Get your Krugman! Hot as ever:
Quo Vadis, Karl? The day after the Republican triumph in the midterm elections, a jubilant Trent Lott held a celebratory press conference. "Let's roll!" he exulted. (Good taste is not one of Mr. Lott's strong points.) Six weeks later, we have to ask: Roll where (aside from Baghdad)? The storm that has broken over Mr. Lott's head is justified. But it may also reflect buyers' remorse: post-election polls suggest broad public unease about where Mr. Lott's party is taking us. It's not even clear what the Bush administration wants to accomplish now that it has full control. Until now the administration has been all politics and no policy; John J. DiIulio tells us that there is a "complete lack of a policy apparatus," that all decisions are made by the political arm.
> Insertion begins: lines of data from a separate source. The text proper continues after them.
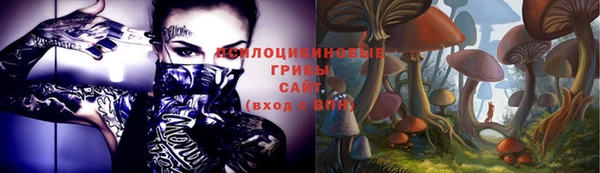 спайс Белокуриха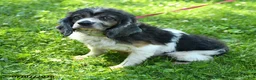 Mini Hippo dogs for sale: Chloe - Ad 6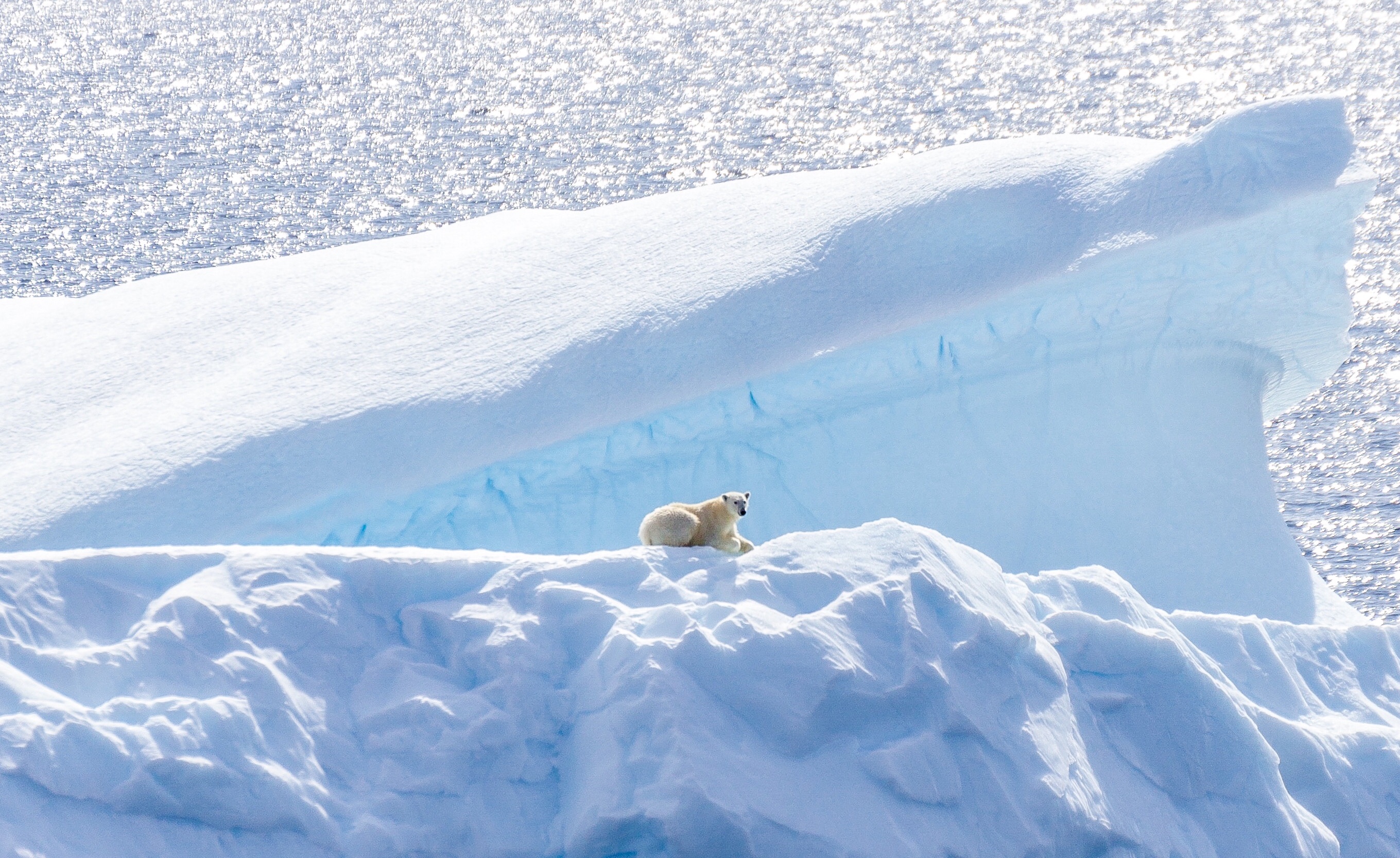 Polar bear on an ice flow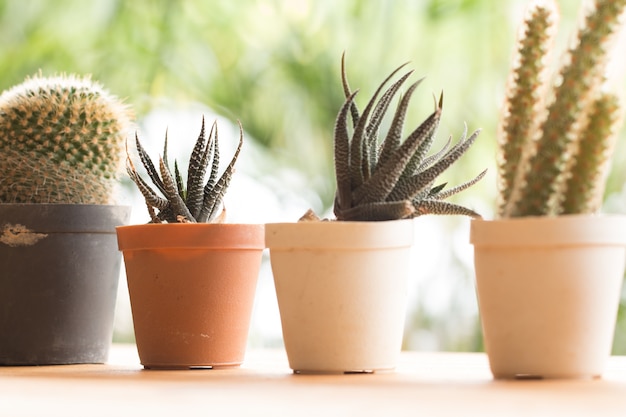 Succulents of cactus in pot met natuurlijke groene achtergrond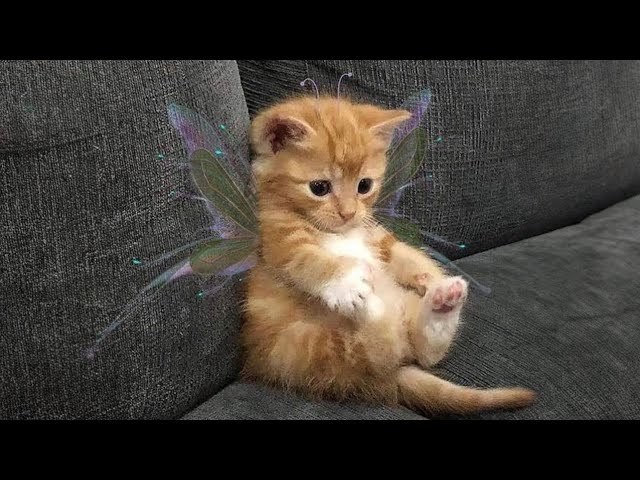 21 minutes of adorable 🥰cats and kittens videos to keep you smiling 😍😅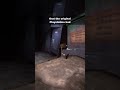 Creating Playstation Graphics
For the past two years domestic policy has consisted of little more than checking off the boxes on a wish list drawn up circa 1999. Meanwhile, as problems that weren't anticipated in 1999 have arisen, the administration has done as little as possible, as late as possible.You know, it is really hard to quote Krugman because so much of what he writes is worthy of being quoted that I seriously run the risk of putting his whole column in my posts.
It may be that the bad few weeks the administration has just had were the result of random events. But I think the public is finally waking up to the fact that the people in the White House know a lot about gaining power, but not much about what to do with it.